Some examples of SemGuS files can be found in the IntegrationTests/data directory.

Caveats and Considerations

This project is under active development and does not yet support all SMT-LIB2 features. The following theories are currently supported:

Core
Ints
Strings (with partial support for regular expressions)
Bit vectors (partial support; only theory functions supported for now)
Datatypes (non-parametric only)
Arrays (partial support)

Other features:

Converting SyGuS problems to CHCs on the fly (beta)
Declarative S-expression output format (beta). Use --format sexpr

New additions:

Datatypes (non-parametric only)
Auxiliary functions
Arbitrary match expressions

Unsupported SMT-LIB2 features include:

Theory functions annotated with :left-assoc, :right-assoc, :chainable, and :pairwise. Certain Core functions are implemented, so post an issue if others are needed.
Some terms, including let
Uninterpreted sorts (declare-sort) and sort aliases (define-sort)

The roadmap for next-up features includes:

Arbitrary let terms

If there is an unsupported feature that you would like added, drop us a line by submitting an issue (or commenting on an existing one). This will help us prioritize what to put on our roadmap.

Installation

To install the stand-alone parsing tool, find the binary for your operating system on the Releases page. Unzip it and put the semgus-parser (or semgus-parser.exe) in a convenient location. No other dependencies are required. You may have to mark it executable on Linux and macOS; just run chmod a+x semgus-parser in the folder with the binary.

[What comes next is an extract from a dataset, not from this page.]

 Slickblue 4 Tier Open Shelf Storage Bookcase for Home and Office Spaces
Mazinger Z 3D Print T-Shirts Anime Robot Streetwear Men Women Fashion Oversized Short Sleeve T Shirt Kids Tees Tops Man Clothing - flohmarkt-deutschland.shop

If you have the .NET 6 SDK installed, the parsing tool can also be installed automatically through NuGet:

dotnet tool install --global Semgus.Parser.Tool

The C# parsing library is available in NuGet. Look for the Semgus.Parser package.

Usage

semgus-parser [--format <format>] [--mode <mode>] [--output <filename>] -- <input.sem> ...

Passing - as the input filename (or not supplying any filenames) makes the tool read from standard input.

Format Verification

Run the tool with a format of verify to perform a syntax verification. In addition to syntax verification, this format prints out the problem information, which can be checked for correctness. This output format is not designed to be machine readable; use the JSON output format instead.

JSON Converter

The SemgusParser project contains a utility that reads in a SemGuS file and produces JSON data representing the problem, usable by other non-.NET tools that cannot directly link with this library.

Usage

semgus-parser --format json [--mode stream|batch] [--output <filename.json>] -- <input.sem> ...

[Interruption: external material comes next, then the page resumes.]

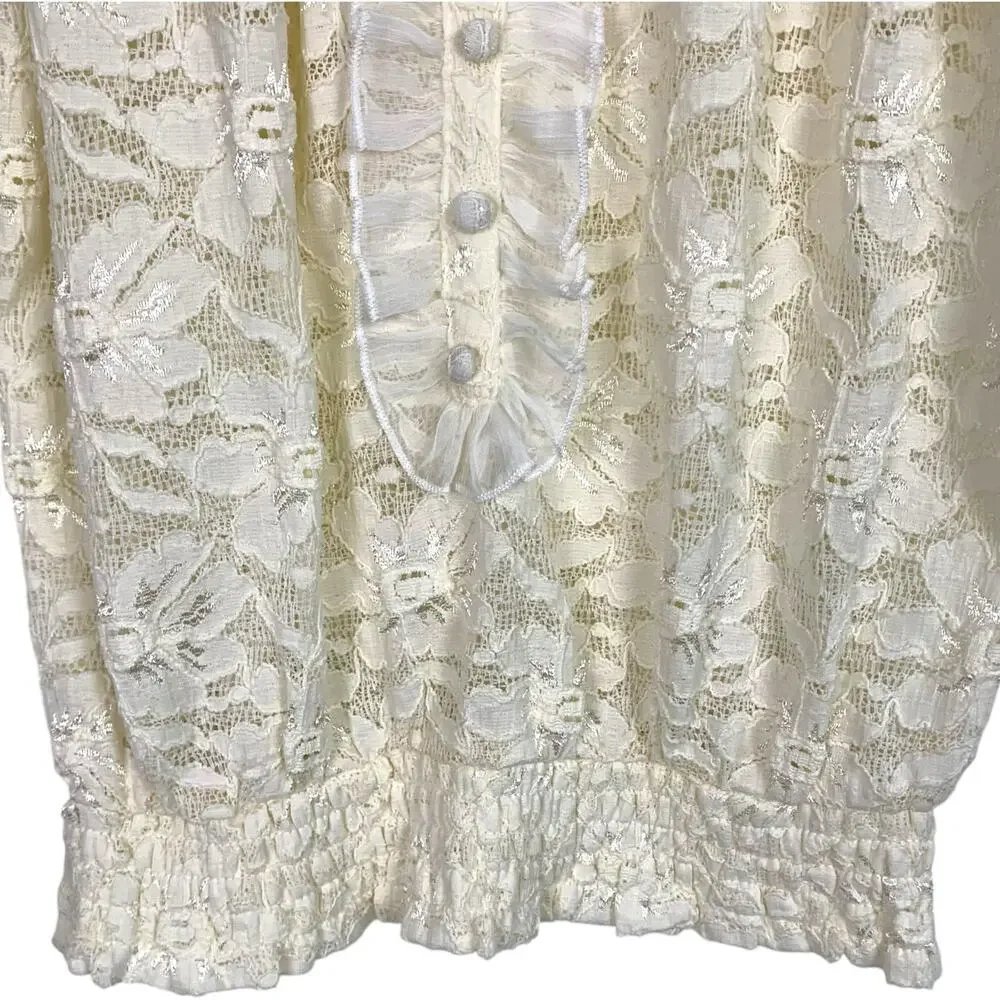 AMERICAN RAG Women L Ivory Floral Lace Sequin Trim Peasant Smocked Top - Picture 4 of 10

Passing - as the input filename (or not supplying any filenames) makes the tool read from standard input.

The two modes, stream and batch, alter the output format of this tool. In stream mode (the default), the output is a stream of newline-delimited JSON objects representing parsing events. This is suitable for interactive mode, or when the output of this tool is being directly piped to the consuming process. In batch mode, the output is a JSON array, with each item in the array being a parsing event object. This format is suitable for outputting to a file as a complete JSON datatype. Note that the event object format is identical between these two modes; only the output structure differs.

In stream mode:

{ ...event 1... }
{ ...event 2... }
{ ...event 3... }
.
.
.

In batch mode:

[
  { ...event 1... },
  { ...event 2... },
  { ...event 3... },
  .
  .
  .
]

Event object format

Each event object has two fields that denote what type of event it represents: $event and $type. The $event field holds the name of the particular event. The $type field denotes the general type of event: currently, either

semgus, for a SemGuS-specific event
smt, for a general SMT-LIB2 event
meta, for metadata about the problem

`meta` events

`set-info`

Holds general metadata about the problem. The <value> is either a string, number, or list of values (which might be lists, strings, numbers, etc.).

{ "$event": "set-info", "$type": "meta", "keyword": "<key>", "value": <value> }

`end-of-stream`

Sent at the end of the event stream.

{ "$event": "end-of-stream", "$type": "meta" }

`semgus` events

`check-synth`

Signals that the synthesizer should perform synthesis with the information provided in previous events.

{ "$event": "check-synth", "$type": "semgus" }

`declare-term-type`

Declares that a particular symbol will be used as a term type. Does not contain the actual term type definition.

{ "$event": "declare-term-type", "$type": "semgus", "name": "<term-type-name>" }

`define-term-type`

Defines a set of constructors for a term type. All term types referenced will have been previously declared by a declare-term-type event.

{ "$event": "define-term-type", "$type": "semgus", "name": "<term-type-name>", "constructors": [ <constructors> ] }

Each constructor (a.k.a. operator) has the form:

{ "name": "<constructor-name>", "children": ["<term-type>", ...] }

Example:

{
  "name": "E",
  "constructors": [
    {
      "name": "$x", "children": []
    },
    {
      "name": "$y", "children": []
    },
    {
      "name": "$0", "children": []
    },
    {
      "name": "$1", "children": []
    },
    {
      "name": "$+", "children": ["E", "E"]
    },
    {
      "name": "$ite", "children": ["B", "E", "E"]
    }
  ],
  "$event": "define-term-type",
  "$type": "semgus"
}

`chc`

An individual constrained Horn clause generated by the problem.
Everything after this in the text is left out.